* What you should do: Transcribe each of the entries exactly.

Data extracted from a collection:
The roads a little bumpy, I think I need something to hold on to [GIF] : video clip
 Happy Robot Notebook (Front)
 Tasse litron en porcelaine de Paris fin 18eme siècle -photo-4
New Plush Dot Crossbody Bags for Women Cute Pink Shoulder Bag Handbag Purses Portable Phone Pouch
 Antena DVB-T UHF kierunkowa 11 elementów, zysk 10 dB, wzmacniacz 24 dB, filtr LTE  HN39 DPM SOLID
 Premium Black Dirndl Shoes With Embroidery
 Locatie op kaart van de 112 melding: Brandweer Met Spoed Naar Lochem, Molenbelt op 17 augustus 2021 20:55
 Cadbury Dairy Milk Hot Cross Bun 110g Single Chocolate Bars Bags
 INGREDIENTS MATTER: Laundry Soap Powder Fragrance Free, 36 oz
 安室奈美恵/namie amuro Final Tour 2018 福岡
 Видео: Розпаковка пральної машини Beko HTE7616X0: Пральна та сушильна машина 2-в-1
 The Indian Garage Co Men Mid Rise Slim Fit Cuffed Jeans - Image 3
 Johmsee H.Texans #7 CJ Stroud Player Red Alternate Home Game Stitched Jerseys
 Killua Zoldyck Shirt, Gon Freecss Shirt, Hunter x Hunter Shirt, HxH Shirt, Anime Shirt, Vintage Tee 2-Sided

* Response to the task:
The roads a little bumpy, I think I need something to hold on to [GIF] : video clip
 Happy Robot Notebook (Front)
 Tasse litron en porcelaine de Paris fin 18eme siècle -photo-4
New Plush Dot Crossbody Bags for Women Cute Pink Shoulder Bag Handbag Purses Portable Phone Pouch
 Antena DVB-T UHF kierunkowa 11 elementów, zysk 10 dB, wzmacniacz 24 dB, filtr LTE  HN39 DPM SOLID
 Premium Black Dirndl Shoes With Embroidery
 Locatie op kaart van de 112 melding: Brandweer Met Spoed Naar Lochem, Molenbelt op 17 augustus 2021 20:55
 Cadbury Dairy Milk Hot Cross Bun 110g Single Chocolate Bars Bags
 INGREDIENTS MATTER: Laundry Soap Powder Fragrance Free, 36 oz
 安室奈美恵/namie amuro Final Tour 2018 福岡
 Видео: Розпаковка пральної машини Beko HTE7616X0: Пральна та сушильна машина 2-в-1
 The Indian Garage Co Men Mid Rise Slim Fit Cuffed Jeans - Image 3
 Johmsee H.Texans #7 CJ Stroud Player Red Alternate Home Game Stitched Jerseys
 Killua Zoldyck Shirt, Gon Freecss Shirt, Hunter x Hunter Shirt, HxH Shirt, Anime Shirt, Vintage Tee 2-Sided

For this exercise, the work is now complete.